Aside from the eye-watering investment, he added that competition was their biggest fear before pulling the trigger. At the time, Dallas had little competition for dine-and-drink theaters, but today there are 9 or 10 similar offerings. That hasn’t been a bad thing, but instead has shown the potential for expanding a market with better choices.
DiGaetano’s plan is to build approximately two every year, although they are poised to open four units this year, including their first in the Twin Cities—roughly a thousand miles north of their home turf.
“At this point, we’ve built the machine and our strategic staff,” he said. “As long as the theaters continue to do well, we have every intent to continue expanding.”
With more inside information than almost any franchisee could possibly uncover, Alamo’s Arizona franchisee, Craig Paschich, is the former president of the brand.
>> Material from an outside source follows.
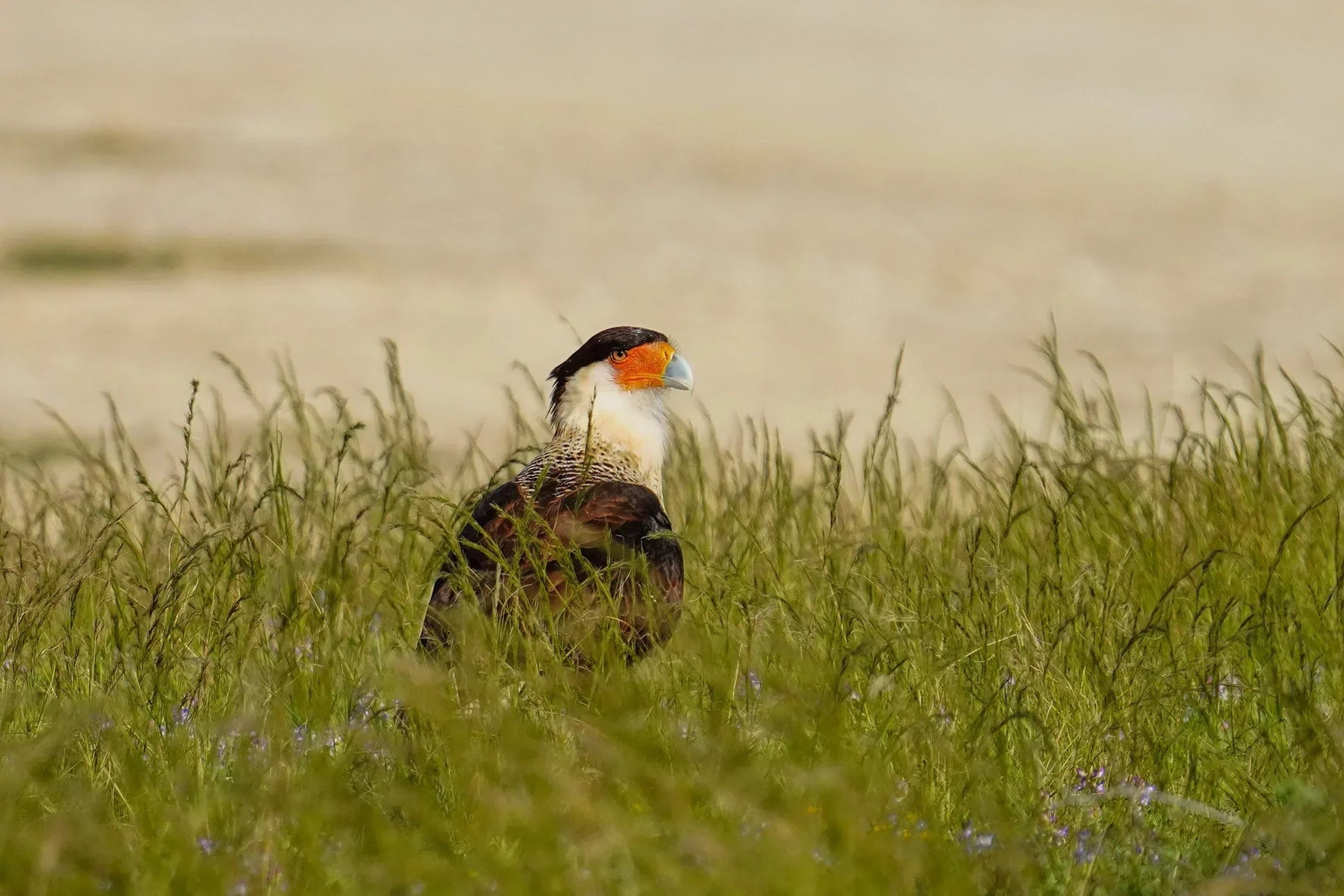 Gary Herritz: Travel with Birdfy Episode 4 - Birding Perspective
After joining the company in 2010, he secretly harbored dreams of opening his own Alamo—and when his family relocated to Arizona in fits and starts, he and his wife decided to join the party and dive into their dreams of joining the system as franchisees.
“I had been in the restaurant business 34 years, and Alamo was the only brand I ever worked for that I knew I wanted to be a franchise partner,” he said, listing his knowledge of the brand’s leadership team and his own love of the experience. “I have two young kids, and the fact that I can go eat and drink and see a movie in one place instead of five makes it more available for me.”
Beyond concerns about the investment, Paschich said the brand relies heavily on Hollywood and the movies it produces for success as an owner. He also worried about off-brand competition coming into the market, which he hoped would be minimal given that steep upfront cost.
He has one location open in Chandler, Arizona, a location opening in May, and is about to start construction on his third this spring. Now that he’s all-in on Alamo, perhaps as much as any one person could be, his day-to-day stress points center on high staff turnover and maintaining customer service that’s good enough to keep people coming to his theaters, rather than more traditional (read: cheaper) choices down the road.
“Getting people to understand what our points of differentiation are, and making sure that once they experience them, that’s when we get them for life,” he said.